Cuyahoga County Courthouse | Masumi Hayashi Foundation
Back to Gallery
Picture of Cuyahoga County Courthouse by Dr. Masumi Hayashi

Cuyahoga County Courthouse

Cleveland, OH, USA

Panoramic Photo Collage

1986

23 x 78

The Cuyahoga County Courthouse opened in 1912, when Cleveland was the sixth-largest city in America—a three-year, $3.5 million investment in marble, granite, and bronze announcing that Cleveland had arrived. The building was designed as a temple of justice: Beaux-Arts grandeur, Corinthian columns, allegorical sculptures representing Law and civic virtue. Architecture meant to inspire respect for democratic institutions through sheer beauty and permanence.

By 1986, when Masumi photographed it, Cleveland’s fortunes had collapsed. The steel mills had closed. The population had cratered. The Cuyahoga River had caught fire. The city had defaulted on its municipal bonds. Yet the courthouse remained, marble walls still gleaming, still dispensing justice while the economy crumbled around it.

For Masumi, a Japanese-American artist whose family was imprisoned during World War II without trial or due process, courthouses carried complicated meaning. Her Internment Camps series documented what happened when legal protections were abandoned, when racial prejudice overwhelmed constitutional rights. Photographing a temple of justice meant engaging with both the ideal and its failures.
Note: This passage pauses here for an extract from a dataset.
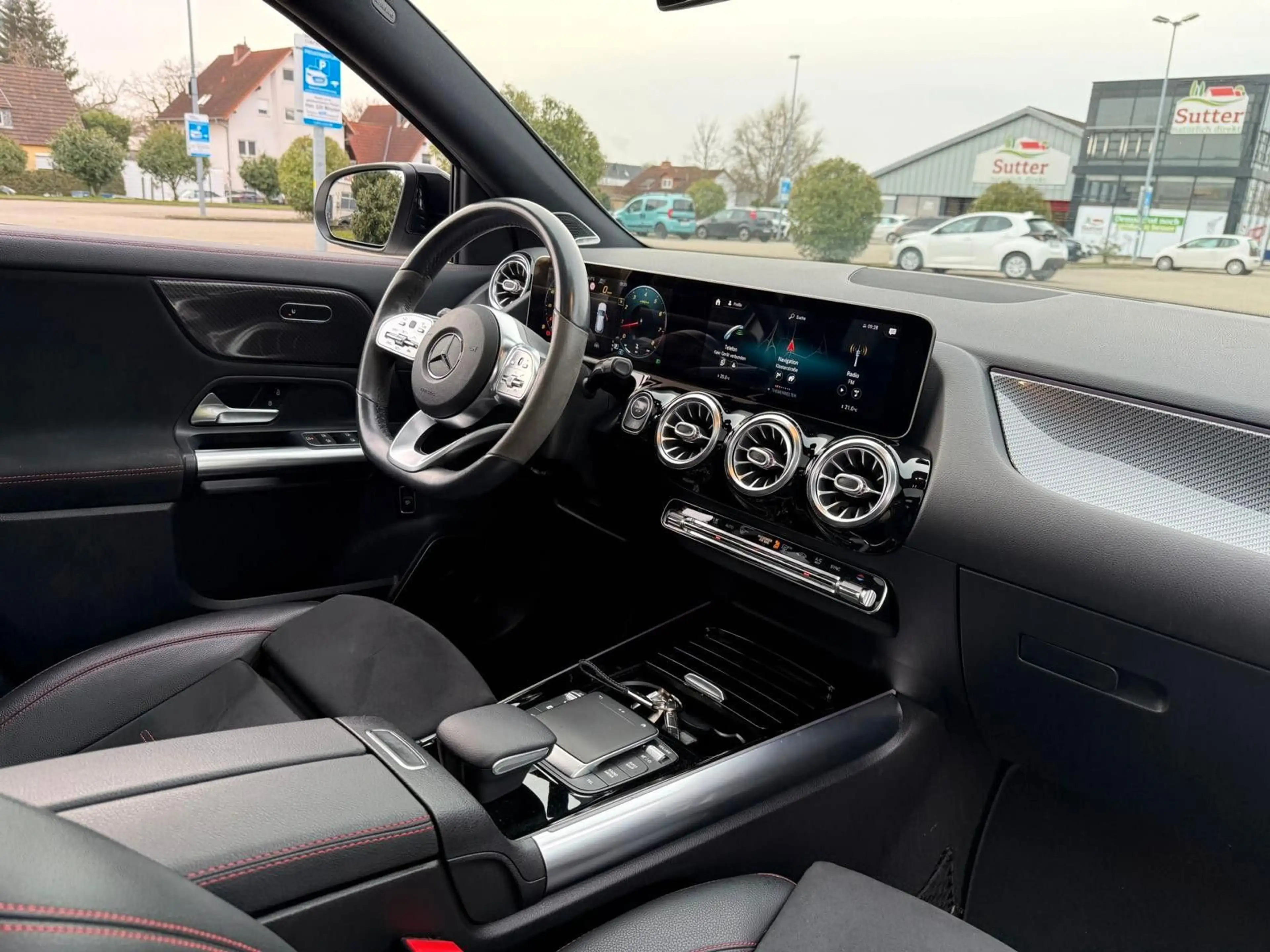 Mercedes-Benz GLA 250 4M AMG Line/Alcantara/Pano/ACC/Kamera/BM — photo 12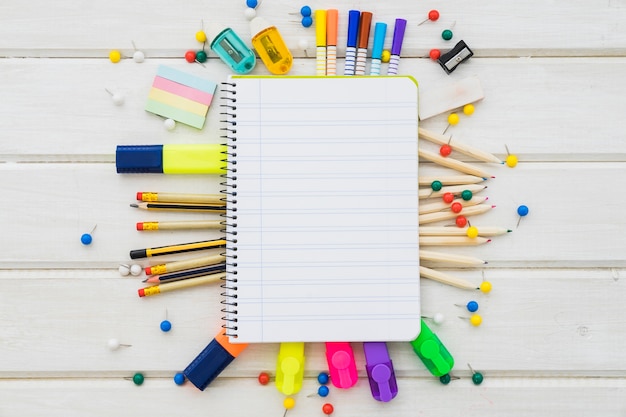 Decoración de colegio con libreta en superficie de madera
Her panoramic technique seems particularly suited to the subject. Classical courthouse architecture assumes a privileged central viewing position—a single authoritative perspective from which the building’s symmetry reveals itself perfectly. Masumi’s collage disrupts this, assembling multiple viewpoints into composite vision. Many perspectives merging into one image. Perhaps that’s how justice should work too.